EXERCISE DETAILS
All of the records need to be retyped exactly, with no line dropped.
GIVEN DATA Block Start
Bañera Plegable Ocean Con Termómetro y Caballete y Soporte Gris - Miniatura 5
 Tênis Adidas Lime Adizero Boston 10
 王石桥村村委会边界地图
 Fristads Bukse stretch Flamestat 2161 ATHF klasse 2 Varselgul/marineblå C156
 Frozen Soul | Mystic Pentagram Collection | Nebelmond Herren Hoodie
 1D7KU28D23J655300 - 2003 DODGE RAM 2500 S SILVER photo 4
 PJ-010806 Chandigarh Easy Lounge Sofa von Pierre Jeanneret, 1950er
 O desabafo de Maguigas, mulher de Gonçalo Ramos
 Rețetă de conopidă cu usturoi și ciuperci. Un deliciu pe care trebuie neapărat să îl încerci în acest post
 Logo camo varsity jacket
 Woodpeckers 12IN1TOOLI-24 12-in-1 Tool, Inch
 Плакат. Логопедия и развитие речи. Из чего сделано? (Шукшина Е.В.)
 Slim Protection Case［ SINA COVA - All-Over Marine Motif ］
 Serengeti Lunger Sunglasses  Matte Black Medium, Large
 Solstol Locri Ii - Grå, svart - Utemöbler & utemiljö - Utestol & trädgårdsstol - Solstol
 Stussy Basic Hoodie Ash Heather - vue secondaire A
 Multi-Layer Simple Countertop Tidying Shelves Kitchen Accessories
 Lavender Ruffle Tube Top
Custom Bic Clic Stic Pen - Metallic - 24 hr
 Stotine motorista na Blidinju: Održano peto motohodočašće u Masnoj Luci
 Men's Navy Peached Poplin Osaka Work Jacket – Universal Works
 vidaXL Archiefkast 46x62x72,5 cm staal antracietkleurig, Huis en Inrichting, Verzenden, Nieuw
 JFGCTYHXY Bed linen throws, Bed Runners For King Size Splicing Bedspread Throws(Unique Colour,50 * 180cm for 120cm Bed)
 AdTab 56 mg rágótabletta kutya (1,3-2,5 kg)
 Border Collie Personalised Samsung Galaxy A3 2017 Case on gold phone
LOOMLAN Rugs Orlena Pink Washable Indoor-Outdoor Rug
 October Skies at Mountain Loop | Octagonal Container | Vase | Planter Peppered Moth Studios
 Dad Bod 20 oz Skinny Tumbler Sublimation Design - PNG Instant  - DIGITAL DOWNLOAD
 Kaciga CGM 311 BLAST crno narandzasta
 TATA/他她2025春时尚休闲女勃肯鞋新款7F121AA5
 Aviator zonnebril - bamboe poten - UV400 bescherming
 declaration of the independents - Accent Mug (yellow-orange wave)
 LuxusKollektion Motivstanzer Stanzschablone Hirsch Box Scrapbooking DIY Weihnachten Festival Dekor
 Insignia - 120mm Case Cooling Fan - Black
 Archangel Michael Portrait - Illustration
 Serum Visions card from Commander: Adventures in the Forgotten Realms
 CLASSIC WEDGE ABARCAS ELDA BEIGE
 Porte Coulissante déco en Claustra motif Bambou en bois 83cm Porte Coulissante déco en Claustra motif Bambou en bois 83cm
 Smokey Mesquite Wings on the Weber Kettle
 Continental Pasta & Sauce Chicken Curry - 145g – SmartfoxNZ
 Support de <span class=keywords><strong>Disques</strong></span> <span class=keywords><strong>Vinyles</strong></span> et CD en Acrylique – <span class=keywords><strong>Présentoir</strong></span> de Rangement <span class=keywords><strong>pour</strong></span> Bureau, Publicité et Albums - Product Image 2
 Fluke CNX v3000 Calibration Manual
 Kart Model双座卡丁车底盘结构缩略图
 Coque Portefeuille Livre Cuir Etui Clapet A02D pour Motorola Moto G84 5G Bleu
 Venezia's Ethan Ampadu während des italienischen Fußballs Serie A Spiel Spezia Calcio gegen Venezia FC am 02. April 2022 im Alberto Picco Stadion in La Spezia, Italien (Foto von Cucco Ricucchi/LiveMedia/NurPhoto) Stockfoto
GIVEN DATA Block End
WORKED SOLUTION
Bañera Plegable Ocean Con Termómetro y Caballete y Soporte Gris - Miniatura 5
 Tênis Adidas Lime Adizero Boston 10
 王石桥村村委会边界地图
 Fristads Bukse stretch Flamestat 2161 ATHF klasse 2 Varselgul/marineblå C156
 Frozen Soul | Mystic Pentagram Collection | Nebelmond Herren Hoodie
 1D7KU28D23J655300 - 2003 DODGE RAM 2500 S SILVER photo 4
 PJ-010806 Chandigarh Easy Lounge Sofa von Pierre Jeanneret, 1950er
 O desabafo de Maguigas, mulher de Gonçalo Ramos
 Rețetă de conopidă cu usturoi și ciuperci. Un deliciu pe care trebuie neapărat să îl încerci în acest post
 Logo camo varsity jacket
 Woodpeckers 12IN1TOOLI-24 12-in-1 Tool, Inch
 Плакат. Логопедия и развитие речи. Из чего сделано? (Шукшина Е.В.)
 Slim Protection Case［ SINA COVA - All-Over Marine Motif ］
 Serengeti Lunger Sunglasses  Matte Black Medium, Large
 Solstol Locri Ii - Grå, svart - Utemöbler & utemiljö - Utestol & trädgårdsstol - Solstol
 Stussy Basic Hoodie Ash Heather - vue secondaire A
 Multi-Layer Simple Countertop Tidying Shelves Kitchen Accessories
 Lavender Ruffle Tube Top
Custom Bic Clic Stic Pen - Metallic - 24 hr
 Stotine motorista na Blidinju: Održano peto motohodočašće u Masnoj Luci
 Men's Navy Peached Poplin Osaka Work Jacket – Universal Works
 vidaXL Archiefkast 46x62x72,5 cm staal antracietkleurig, Huis en Inrichting, Verzenden, Nieuw
 JFGCTYHXY Bed linen throws, Bed Runners For King Size Splicing Bedspread Throws(Unique Colour,50 * 180cm for 120cm Bed)
 AdTab 56 mg rágótabletta kutya (1,3-2,5 kg)
 Border Collie Personalised Samsung Galaxy A3 2017 Case on gold phone
LOOMLAN Rugs Orlena Pink Washable Indoor-Outdoor Rug
 October Skies at Mountain Loop | Octagonal Container | Vase | Planter Peppered Moth Studios
 Dad Bod 20 oz Skinny Tumbler Sublimation Design - PNG Instant  - DIGITAL DOWNLOAD
 Kaciga CGM 311 BLAST crno narandzasta
 TATA/他她2025春时尚休闲女勃肯鞋新款7F121AA5
 Aviator zonnebril - bamboe poten - UV400 bescherming
 declaration of the independents - Accent Mug (yellow-orange wave)
 LuxusKollektion Motivstanzer Stanzschablone Hirsch Box Scrapbooking DIY Weihnachten Festival Dekor
 Insignia - 120mm Case Cooling Fan - Black
 Archangel Michael Portrait - Illustration
 Serum Visions card from Commander: Adventures in the Forgotten Realms
 CLASSIC WEDGE ABARCAS ELDA BEIGE
 Porte Coulissante déco en Claustra motif Bambou en bois 83cm Porte Coulissante déco en Claustra motif Bambou en bois 83cm
 Smokey Mesquite Wings on the Weber Kettle
 Continental Pasta & Sauce Chicken Curry - 145g – SmartfoxNZ
 Support de <span class=keywords><strong>Disques</strong></span> <span class=keywords><strong>Vinyles</strong></span> et CD en Acrylique – <span class=keywords><strong>Présentoir</strong></span> de Rangement <span class=keywords><strong>pour</strong></span> Bureau, Publicité et Albums - Product Image 2
 Fluke CNX v3000 Calibration Manual
 Kart Model双座卡丁车底盘结构缩略图
 Coque Portefeuille Livre Cuir Etui Clapet A02D pour Motorola Moto G84 5G Bleu
 Venezia's Ethan Ampadu während des italienischen Fußballs Serie A Spiel Spezia Calcio gegen Venezia FC am 02. April 2022 im Alberto Picco Stadion in La Spezia, Italien (Foto von Cucco Ricucchi/LiveMedia/NurPhoto) Stockfoto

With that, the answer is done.